YOUR INSTRUCTIONS →
Print the listing below exactly, minus its pictures.

AVAILABLE DATA →
++++++++++
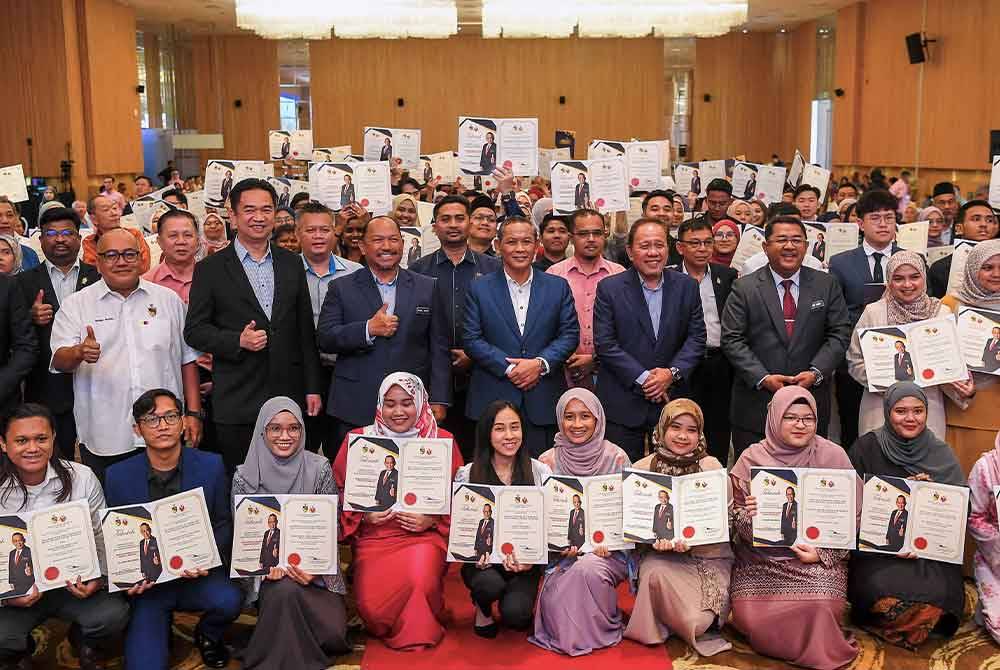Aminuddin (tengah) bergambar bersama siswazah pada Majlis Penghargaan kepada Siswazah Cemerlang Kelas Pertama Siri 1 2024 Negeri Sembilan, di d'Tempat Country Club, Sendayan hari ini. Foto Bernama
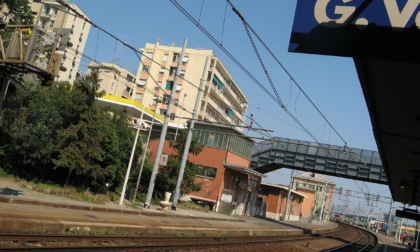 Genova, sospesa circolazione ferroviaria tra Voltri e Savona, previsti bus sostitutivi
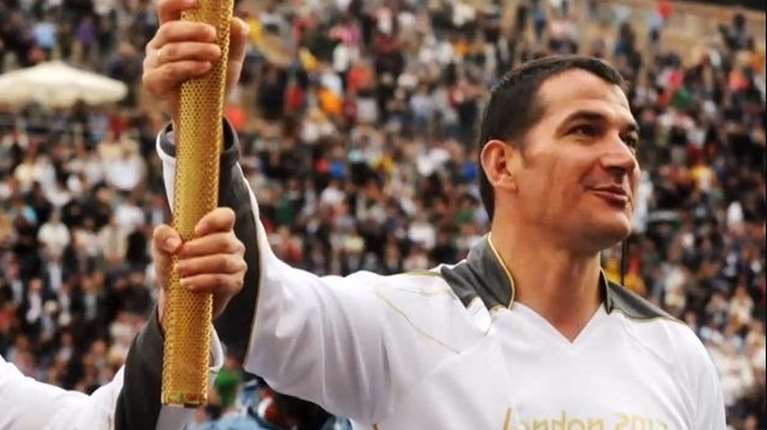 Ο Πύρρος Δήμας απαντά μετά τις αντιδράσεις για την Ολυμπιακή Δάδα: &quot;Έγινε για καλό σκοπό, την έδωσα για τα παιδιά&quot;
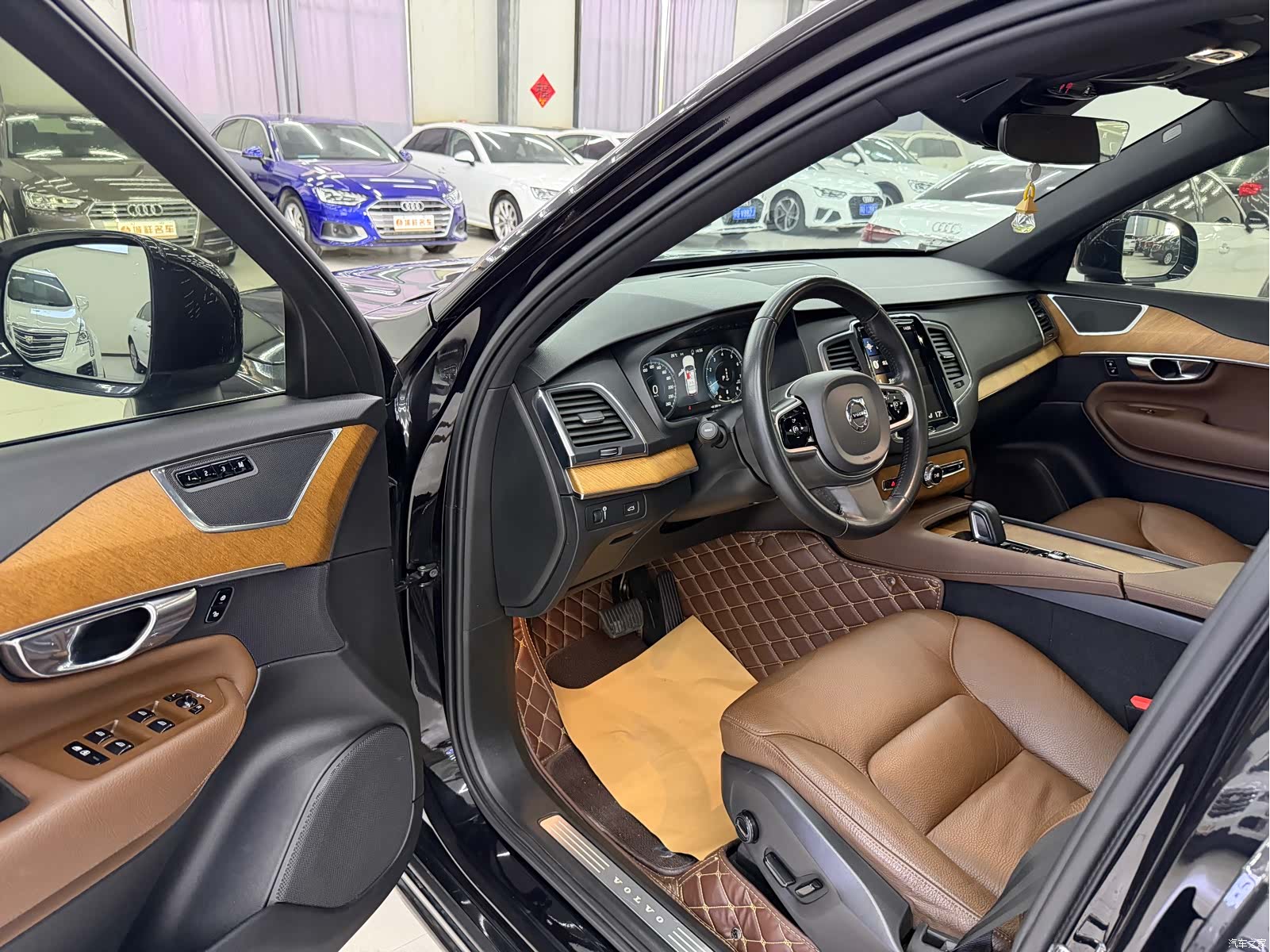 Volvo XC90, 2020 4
++++++++++
SOLUTION FOR THIS EXERCISE →
Aminuddin (tengah) bergambar bersama siswazah pada Majlis Penghargaan kepada Siswazah Cemerlang Kelas Pertama Siri 1 2024 Negeri Sembilan, di d'Tempat Country Club, Sendayan hari ini. Foto Bernama
 Genova, sospesa circolazione ferroviaria tra Voltri e Savona, previsti bus sostitutivi
 Ο Πύρρος Δήμας απαντά μετά τις αντιδράσεις για την Ολυμπιακή Δάδα: &quot;Έγινε για καλό σκοπό, την έδωσα για τα παιδιά&quot;
 Volvo XC90, 2020 4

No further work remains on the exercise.